Calculate rebar bar count, spacing, linear footage, and total weight for slabs, footings, and walls.
| Bar Size | Diameter (in) | Area (in²) | Weight (lb/ft) |
|---|---|---|---|
| #3 | 0.375 | 0.11 | 0.376 |
| #4 | 0.500 | 0.20 | 0.668 |
| #5 | 0.625 | 0.31 | 1.043 |
| #6 | 0.750 | 0.44 | 1.502 |
| #7 | 0.875 | 0.60 | 2.044 |
| #8 | 1.000 | 0.79 | 2.670 |
| #9 | 1.128 | 1.00 | 3.400 |
| #10 | 1.270 | 1.27 | 4.303 |
| #11 | 1.410 | 1.56 | 5.313 |
| #14 | 1.693 | 2.25 | 7.650 |
| #18 | 2.257 | 4.00 | 13.600 |
Select your project type (Slab/Footing, Wall, or Circular Slab) using the tabs above. Enter your dimensions in feet, choose your rebar spacing in inches, select the bar size from the dropdown, and enter the standard bar length you'll be purchasing (typically 20 or 40 ft). Hit Calculate Rebar to instantly get bar counts, total linear footage, number of full bars to buy, and total weight.

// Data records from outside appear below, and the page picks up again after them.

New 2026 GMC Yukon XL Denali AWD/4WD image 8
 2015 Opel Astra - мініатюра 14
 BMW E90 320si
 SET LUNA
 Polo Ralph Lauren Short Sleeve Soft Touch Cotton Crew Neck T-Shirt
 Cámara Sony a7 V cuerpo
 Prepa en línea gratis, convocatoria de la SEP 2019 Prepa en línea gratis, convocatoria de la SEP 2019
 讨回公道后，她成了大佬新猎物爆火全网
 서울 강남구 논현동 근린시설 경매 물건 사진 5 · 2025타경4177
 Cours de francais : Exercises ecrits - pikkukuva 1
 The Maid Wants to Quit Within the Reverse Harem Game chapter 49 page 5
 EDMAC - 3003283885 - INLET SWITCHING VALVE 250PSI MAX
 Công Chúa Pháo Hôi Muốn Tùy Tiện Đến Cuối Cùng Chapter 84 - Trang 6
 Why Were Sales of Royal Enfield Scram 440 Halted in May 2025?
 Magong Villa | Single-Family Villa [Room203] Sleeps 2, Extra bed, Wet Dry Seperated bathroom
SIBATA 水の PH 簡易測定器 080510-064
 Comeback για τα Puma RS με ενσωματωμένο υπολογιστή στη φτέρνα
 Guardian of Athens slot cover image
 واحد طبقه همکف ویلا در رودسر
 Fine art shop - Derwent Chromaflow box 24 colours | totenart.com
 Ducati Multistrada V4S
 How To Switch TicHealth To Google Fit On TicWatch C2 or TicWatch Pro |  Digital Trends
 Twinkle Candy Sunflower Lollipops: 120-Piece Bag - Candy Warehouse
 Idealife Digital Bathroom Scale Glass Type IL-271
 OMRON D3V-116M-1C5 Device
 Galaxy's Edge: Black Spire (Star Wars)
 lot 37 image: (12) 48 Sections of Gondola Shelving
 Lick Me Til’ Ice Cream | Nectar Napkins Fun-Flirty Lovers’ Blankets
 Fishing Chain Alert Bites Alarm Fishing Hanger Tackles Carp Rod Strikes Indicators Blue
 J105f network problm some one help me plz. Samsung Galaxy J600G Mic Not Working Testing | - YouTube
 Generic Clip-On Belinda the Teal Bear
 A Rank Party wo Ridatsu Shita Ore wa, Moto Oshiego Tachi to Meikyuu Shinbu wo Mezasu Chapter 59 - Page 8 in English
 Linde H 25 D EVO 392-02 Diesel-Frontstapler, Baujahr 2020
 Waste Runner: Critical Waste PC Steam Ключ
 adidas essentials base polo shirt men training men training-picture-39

The diagram updates to reflect your slab dimensions and spacing, giving you a visual preview of the rebar grid layout.
Ordering the right amount of rebar before a pour is one of those things that sounds simple but causes real headaches on job sites every day. Over-order and you're hauling scrap; under-order and you're stopping a concrete pour mid-job. A typical 20×20 ft residential driveway slab with #4 bar at 12-inch spacing requires about 82 bars — that's roughly 1,640 linear feet and over 1,000 lbs of steel. Getting that number right before you call the supplier saves time and money.
This rebar calculator is useful for contractors, homeowners doing DIY foundations, structural engineers doing quick estimates, and anyone preparing a material takeoff. It handles the most common scenarios: flat slabs (driveways, garage floors, patios), concrete footings, retaining walls, and circular pads for columns or round tanks. The lap splice allowance is especially important — a 18-inch overlap on every joint adds up to 5–10% more material than the bare dimension calculation suggests.
For a 30×8 ft retaining wall with #4 bar at 12-inch spacing in both directions, you'd need roughly 76 bars and about 460 lbs of steel — numbers you can quote to a supplier in under a minute using this tool.
Bar Count (one direction): bars = floor(dimension / spacing) + 1
Linear Footage per direction: linear_ft = bars × perpendicular_dimension
With lap splices: Each bar run longer than the standard bar length requires one or more splices. The extra footage per splice equals the overlap distance (e.g., 18 inches = 1.5 ft).
Total Weight: weight (lb) = total_linear_ft × lb_per_ft where lb/ft comes from the ASTM A615 standard weight table for each bar designation.
Bars to Purchase: ceil(total_linear_ft / standard_bar_length) — always rounds up so you never come up short.
For circular slabs, the calculator computes the chord lengths of each parallel rebar pass across the circle using the formula: chord = 2 × sqrt(r² − d²) where r is the radius and d is the distance from center to that bar's row.
#4 rebar (1/2-inch diameter) at 12-inch spacing is the most common choice for residential driveways and garage floors up to 4 inches thick. For heavier loads like RV pads or commercial driveways, step up to #4 at 8–10 inches or #5 at 12 inches. Always check your local building department's requirements before pouring.
Rebar spacing is the center-to-center distance between parallel bars in one direction of the grid. A 12-inch spacing means each bar is 12 inches from the next, measured from the center of one bar to the center of the adjacent bar. Closer spacing increases strength but also increases material cost and installation time.
Rebar is most commonly sold in 20-foot and 40-foot lengths at suppliers and big-box stores. Custom lengths are available through steel distributors. The 20-ft length is the standard for most residential jobs since it fits in a pickup truck bed with a small overhang.
#4 rebar weighs 0.668 lb/ft, so a 20-ft bar weighs about 13.4 lbs. #5 weighs 1.043 lb/ft (20.9 lbs per 20-ft bar). Use the bar size reference chart on this page for a full table. Weights are based on the ASTM A615 standard for deformed steel reinforcing bars.